So, I decided to try just making the folder again with sudo mkdir www and that worked, but the phpmyadmin folder is, of course, not there. What would the steps be to get that folder made again.
You need to remove and re-install everything that was impacted by your rm. If you can't determine what that was with any degree of certainty, then starting clean might be easier and safer.
The comment "Recover the deleted files from backup" implies that you are taking regular backups to protect yourself from just such an incident. You would then use the backed-up data to replace the files you've deleted.
If you are using the ext3 filesystem, forget about recovering from an rm. You can't.
You need to reinstall PHP and phpmyadmin. Get the PHP packages for your distro and force a reinstall. With Ubuntu, you'll have to study how to make apt install even if it thinks the package is already installed.
Phpmyadmin is no biggie; you can get it from sourceforge and since it is all PHP (just scripts) installation doesn't require a package manager; just create the directory for it, copy all the scripts in, then manually configure the details (all covered in the docs that come with phpmyadmin).
Ugg.. wish I had know that before I messed up php. Am I correct that I can't just use a different user account? I am afraid I have already kind of messed up the reinstall. If I force a reinstall will that change back the configuration stuff?
A reinstall of an application 'should' not replace the configuration files if they have been changed by you. you could always back up those config files though just in case... copy them to a folder in your user directory or something..

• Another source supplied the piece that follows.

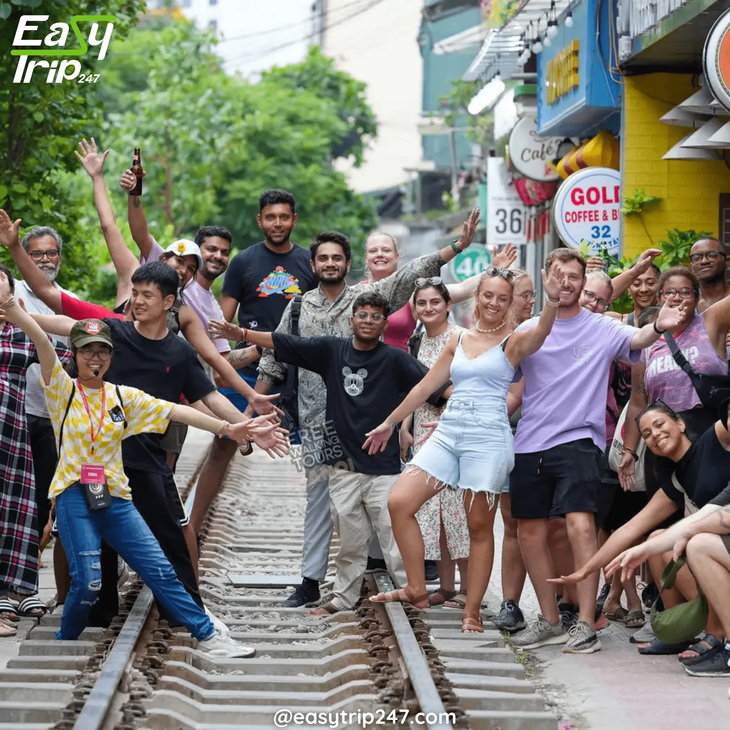 The-Truth-About-Free-Walking-Tours-In-Hanoi-Are-They-Really-Worth-It-2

I would just walk through that how-to again from the start.. if you tell it to install something that already exists aptitude will skip it and tell you it's already installed. so just continue to the next step, till you complete the how-to again and hopefully everything will work itself out.
Just mark this up to a learning experience (experience is what you get, when you don't get what you want) you will remember it and likely not make the same mistake again. we've all been there, don't worry about it too much it's part of the learning process, and once you complete this project you'll know more about your system and Linux for having made the mistake. (see there is a bright side )
if you get hung up on anything while following the how-to again pop back in here and post teh errors you get and we'll help you work through them.